I got this provocative question from an amazing changemaker I have been fortunate to meet while in the US, Stacey Monk, founder of Epic Change. Epic Change support a select group of grassroots changemakers and social entrepreneurs around the world, starting with Mama Lucy, who founded a school in her village in Tanzania.

Epic Change is using social media and the power of love this Mother’s Day to fuel a campaign that both honours Mama’s around the world and raises funds to support the work of Mama Lucy and another three grassroots change agents in Tanzania, Afghanistan and Nepal. To Mama With Love invites people to create “heartspaces” to honour their Mum’s, the mother of their children, other mother’s they admire.

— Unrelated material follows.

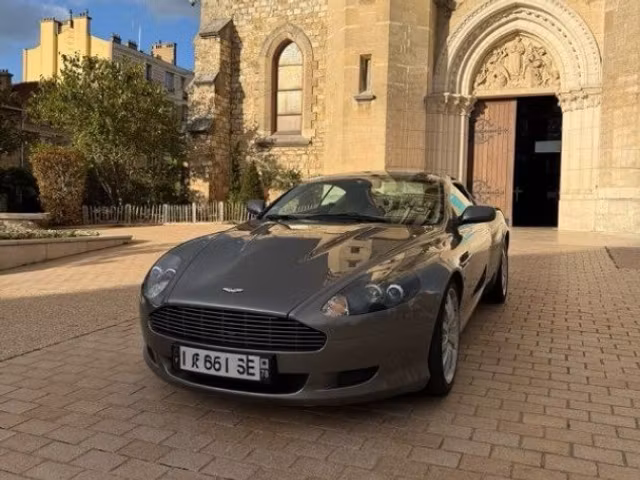 Aston Martin DB9 V12 5.9 450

It’s a pleasure to be able to express my eternal gratitude for all that my Mum has done for me, and for our whole family, and this is a particularly appropriate and gratifying way to do it. My mother has always been a changemaker, a peace activist and pioneering broadcaster, CEO of arts organizations and now chair of a progressive think-tank.

I know she would admire the vision, commitment and work of the five (including Stacey) Mama’s being recognized and supported by To Mama With Love.

Thank you Mum, for everything. All my love, always.

Here is a screenshot of my heartspace:


You can create a heartspace to honour your (or someone elses) Mama at www.ToMamaWithLove.org and both share love and create change this Mother’s Day.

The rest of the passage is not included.